--- START ---

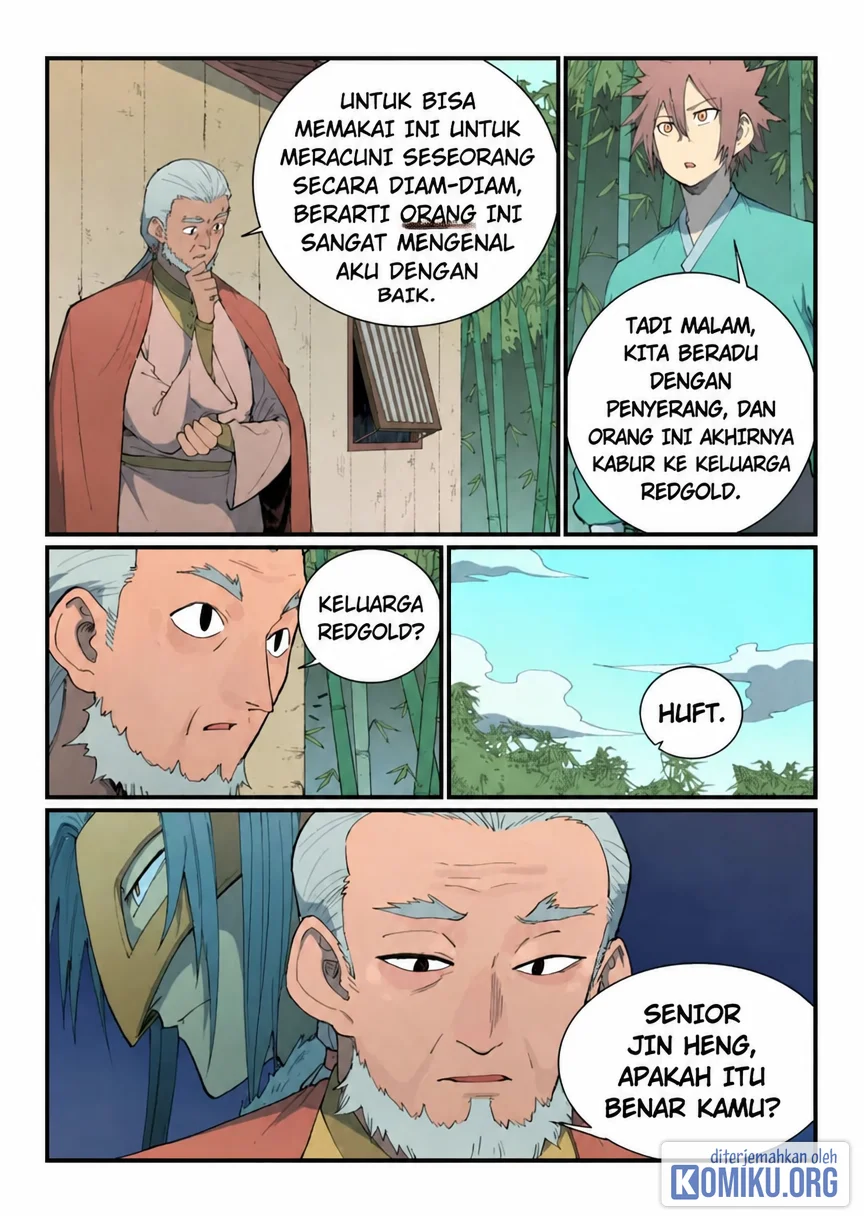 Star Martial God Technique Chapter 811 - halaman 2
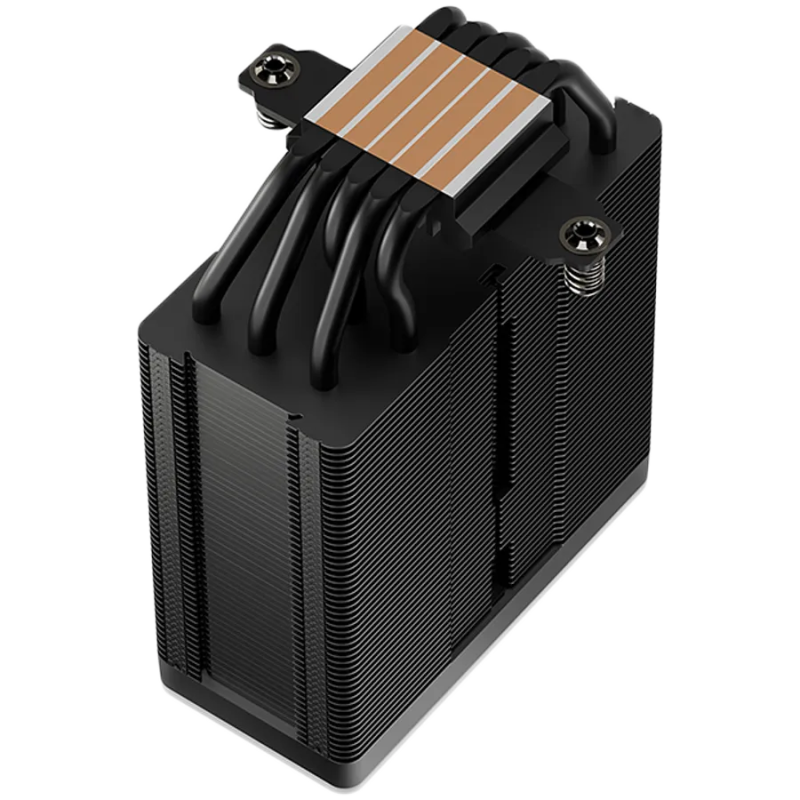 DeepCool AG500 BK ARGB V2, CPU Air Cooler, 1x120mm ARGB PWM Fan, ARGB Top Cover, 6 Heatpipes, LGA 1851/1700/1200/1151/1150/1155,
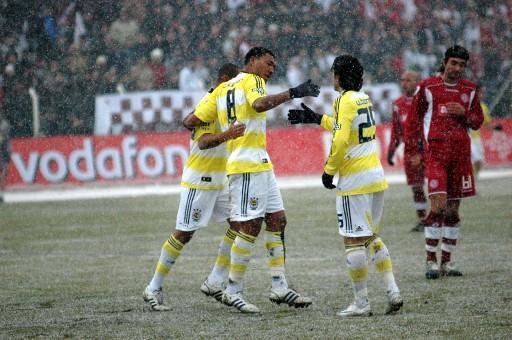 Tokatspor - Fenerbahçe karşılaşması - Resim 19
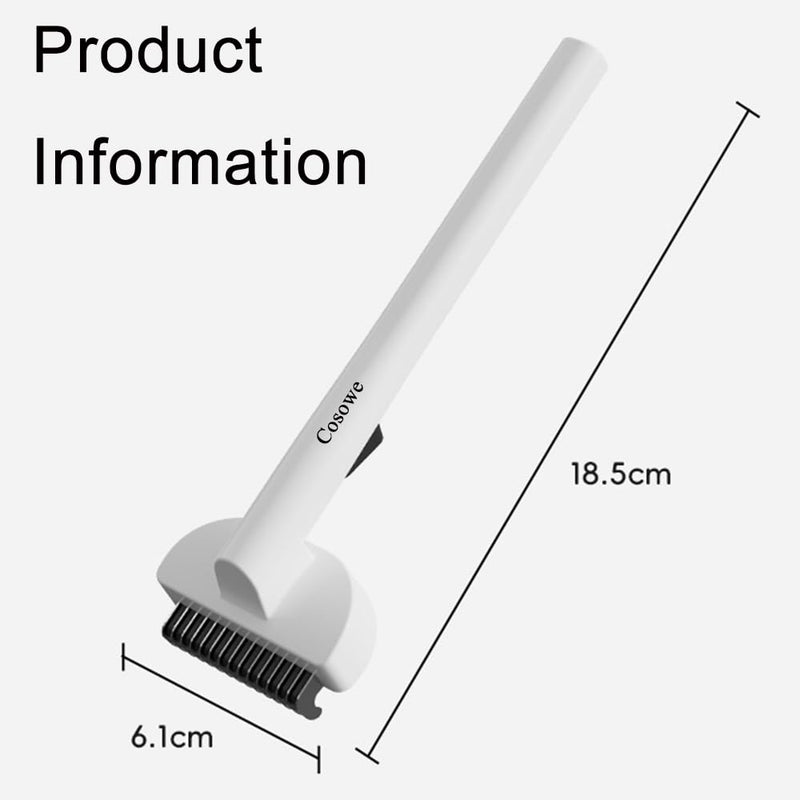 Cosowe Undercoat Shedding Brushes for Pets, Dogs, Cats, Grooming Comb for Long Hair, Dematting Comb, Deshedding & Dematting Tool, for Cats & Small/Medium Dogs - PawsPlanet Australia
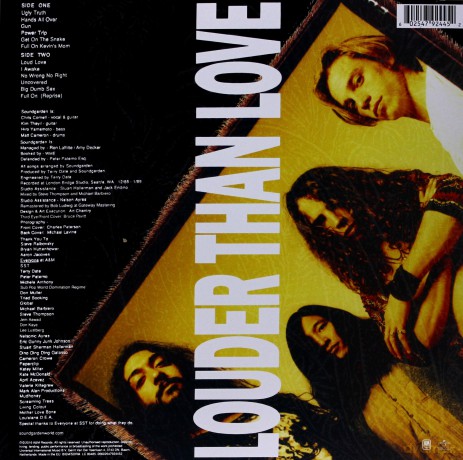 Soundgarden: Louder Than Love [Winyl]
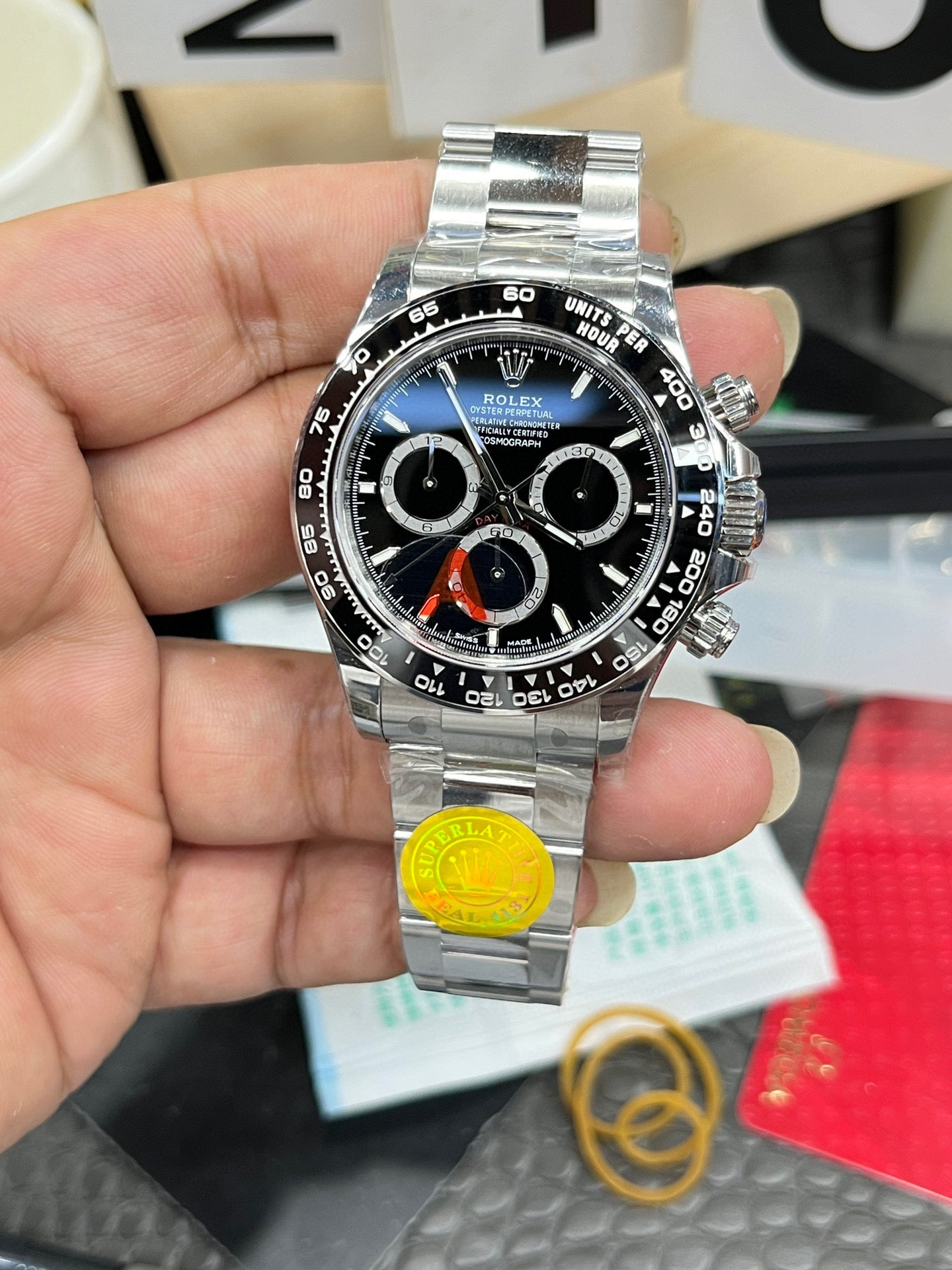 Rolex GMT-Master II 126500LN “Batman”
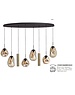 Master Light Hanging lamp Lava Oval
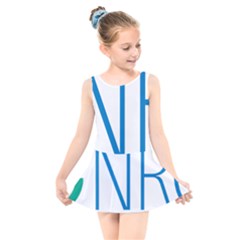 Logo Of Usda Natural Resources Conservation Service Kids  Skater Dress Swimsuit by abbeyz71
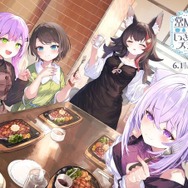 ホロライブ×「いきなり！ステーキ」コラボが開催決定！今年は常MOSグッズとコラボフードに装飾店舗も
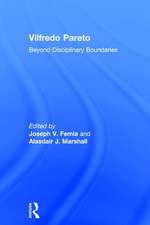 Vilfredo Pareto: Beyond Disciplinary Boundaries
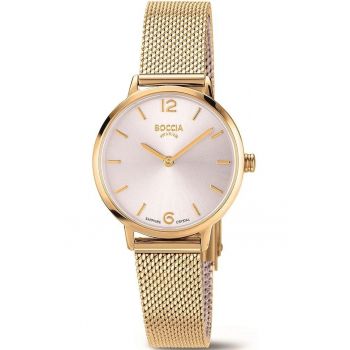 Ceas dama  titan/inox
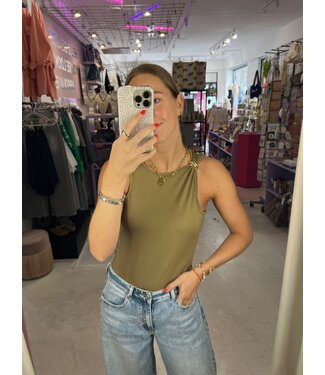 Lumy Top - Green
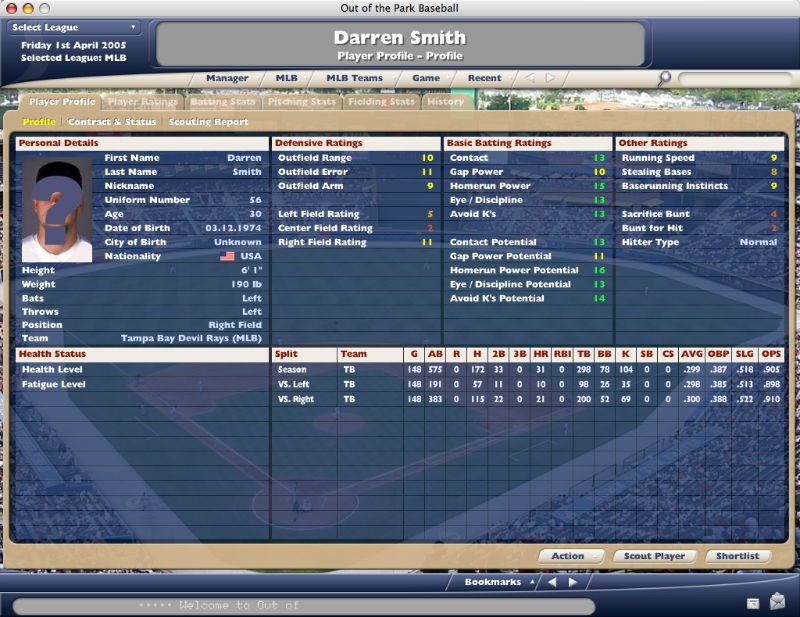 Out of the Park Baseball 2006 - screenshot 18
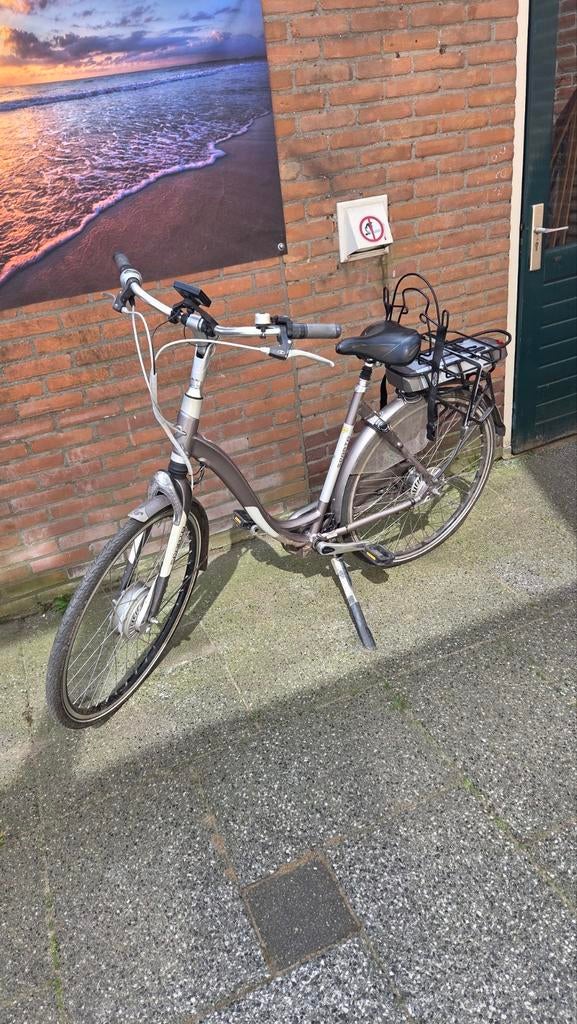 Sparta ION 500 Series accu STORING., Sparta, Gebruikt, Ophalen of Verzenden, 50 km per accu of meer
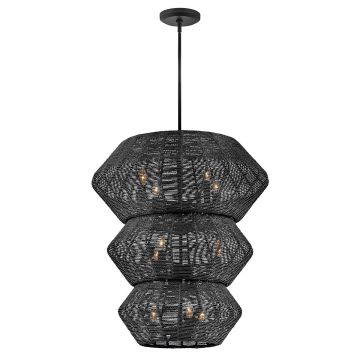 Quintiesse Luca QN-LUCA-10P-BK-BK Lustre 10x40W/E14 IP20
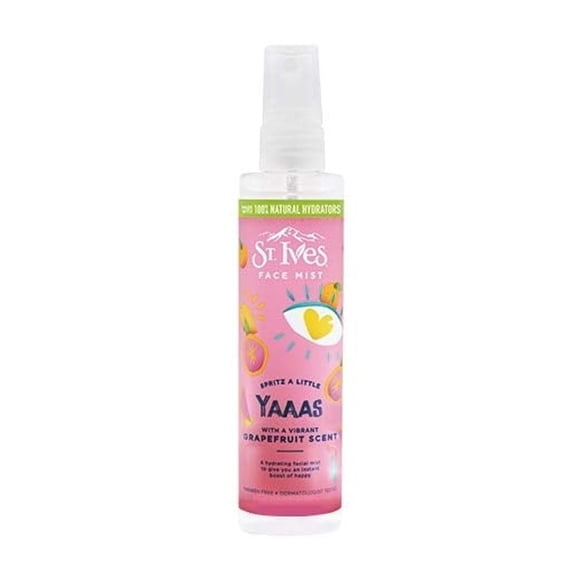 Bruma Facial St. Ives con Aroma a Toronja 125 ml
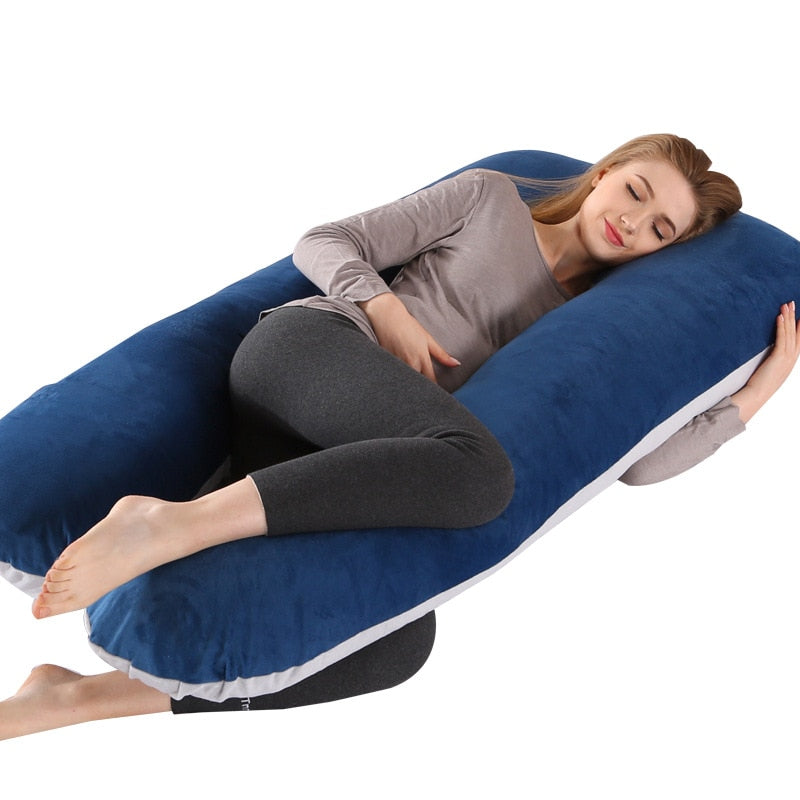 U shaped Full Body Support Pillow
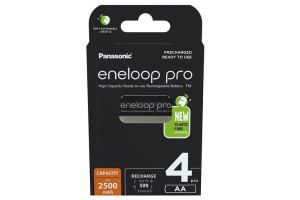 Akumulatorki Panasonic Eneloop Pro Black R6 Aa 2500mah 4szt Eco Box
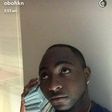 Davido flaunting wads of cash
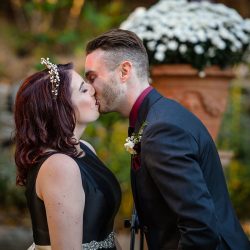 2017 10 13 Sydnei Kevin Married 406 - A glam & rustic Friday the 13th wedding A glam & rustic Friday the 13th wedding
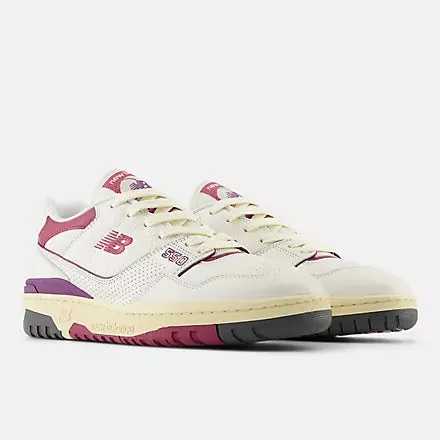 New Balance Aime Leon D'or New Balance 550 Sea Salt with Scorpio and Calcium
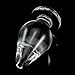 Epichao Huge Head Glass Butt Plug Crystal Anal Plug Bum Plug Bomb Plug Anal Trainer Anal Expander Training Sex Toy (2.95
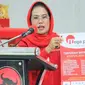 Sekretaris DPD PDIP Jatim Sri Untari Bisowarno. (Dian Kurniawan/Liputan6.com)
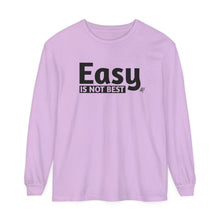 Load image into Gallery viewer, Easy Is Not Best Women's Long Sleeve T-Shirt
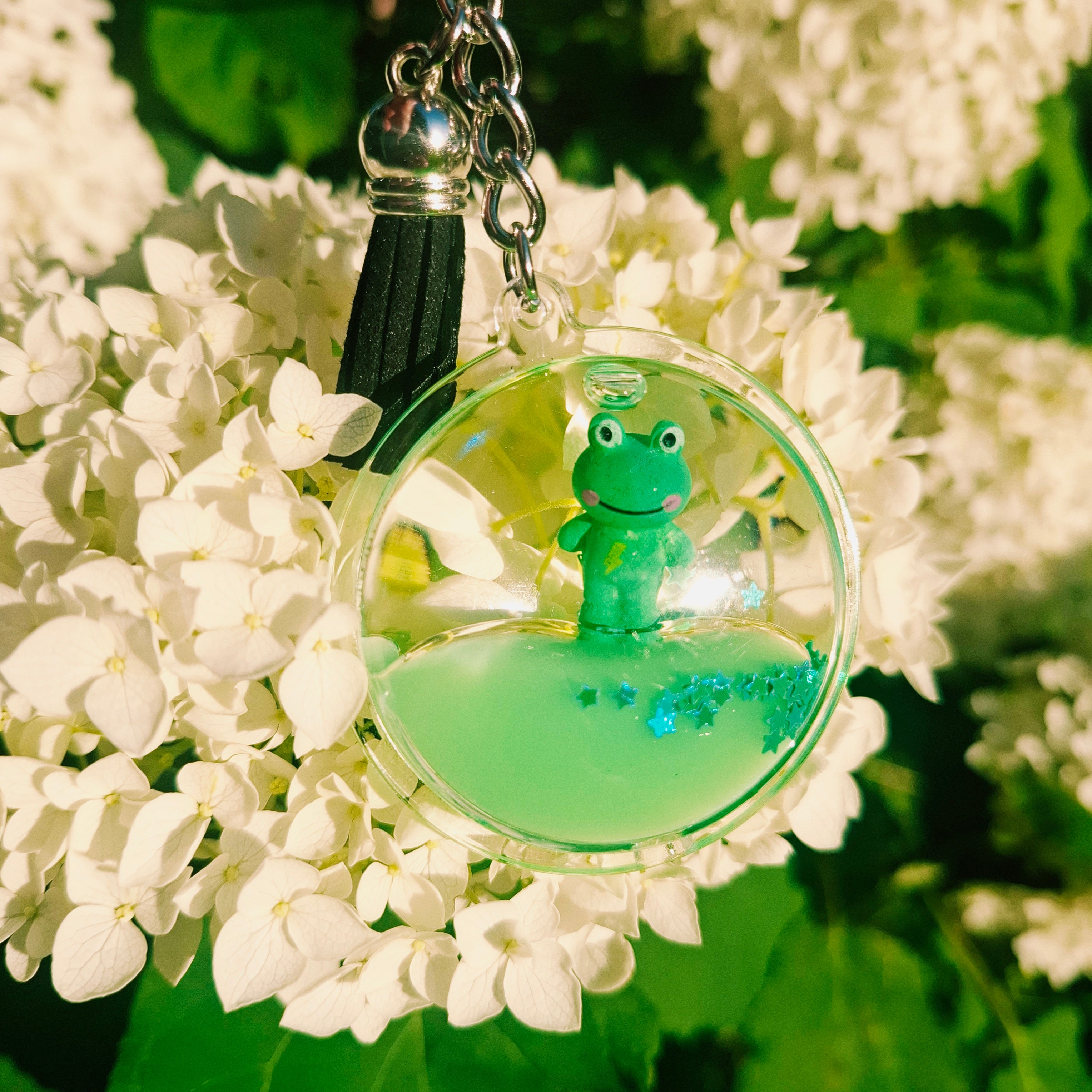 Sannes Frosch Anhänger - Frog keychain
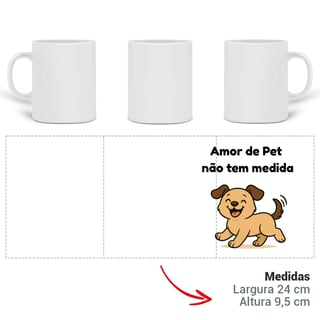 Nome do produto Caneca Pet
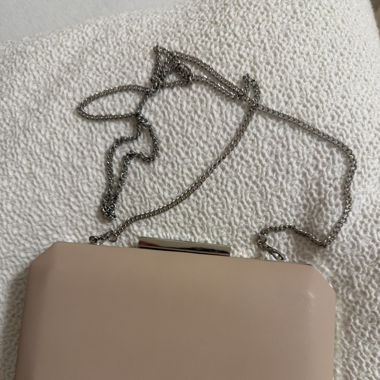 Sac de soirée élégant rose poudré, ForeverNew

--- END ---

▶ _ASSIGNED TASK_: Apart from the images, retype the full material exactly as written.

▶ _YOUR SOLUTION_:
 Star Martial God Technique Chapter 811 - halaman 2
 DeepCool AG500 BK ARGB V2, CPU Air Cooler, 1x120mm ARGB PWM Fan, ARGB Top Cover, 6 Heatpipes, LGA 1851/1700/1200/1151/1150/1155,
 Tokatspor - Fenerbahçe karşılaşması - Resim 19
 Cosowe Undercoat Shedding Brushes for Pets, Dogs, Cats, Grooming Comb for Long Hair, Dematting Comb, Deshedding & Dematting Tool, for Cats & Small/Medium Dogs - PawsPlanet Australia
 Soundgarden: Louder Than Love [Winyl]
 Rolex GMT-Master II 126500LN “Batman”
 Master Light Hanging lamp Lava Oval
 Logo Of Usda Natural Resources Conservation Service Kids  Skater Dress Swimsuit by abbeyz71
 ホロライブ×「いきなり！ステーキ」コラボが開催決定！今年は常MOSグッズとコラボフードに装飾店舗も
 Vilfredo Pareto: Beyond Disciplinary Boundaries
 Ceas dama  titan/inox
 Lumy Top - Green
 Out of the Park Baseball 2006 - screenshot 18
 Sparta ION 500 Series accu STORING., Sparta, Gebruikt, Ophalen of Verzenden, 50 km per accu of meer
 Quintiesse Luca QN-LUCA-10P-BK-BK Lustre 10x40W/E14 IP20
 Bruma Facial St. Ives con Aroma a Toronja 125 ml
 U shaped Full Body Support Pillow
 Akumulatorki Panasonic Eneloop Pro Black R6 Aa 2500mah 4szt Eco Box
 Davido flaunting wads of cash
 2017 10 13 Sydnei Kevin Married 406 - A glam & rustic Friday the 13th wedding A glam & rustic Friday the 13th wedding
 New Balance Aime Leon D'or New Balance 550 Sea Salt with Scorpio and Calcium
 Epichao Huge Head Glass Butt Plug Crystal Anal Plug Bum Plug Bomb Plug Anal Trainer Anal Expander Training Sex Toy (2.95
 Sekretaris DPD PDIP Jatim Sri Untari Bisowarno. (Dian Kurniawan/Liputan6.com)
 Load image into Gallery viewer, Easy Is Not Best Women's Long Sleeve T-Shirt
 Sannes Frosch Anhänger - Frog keychain
 Nome do produto Caneca Pet
 Sac de soirée élégant rose poudré, ForeverNew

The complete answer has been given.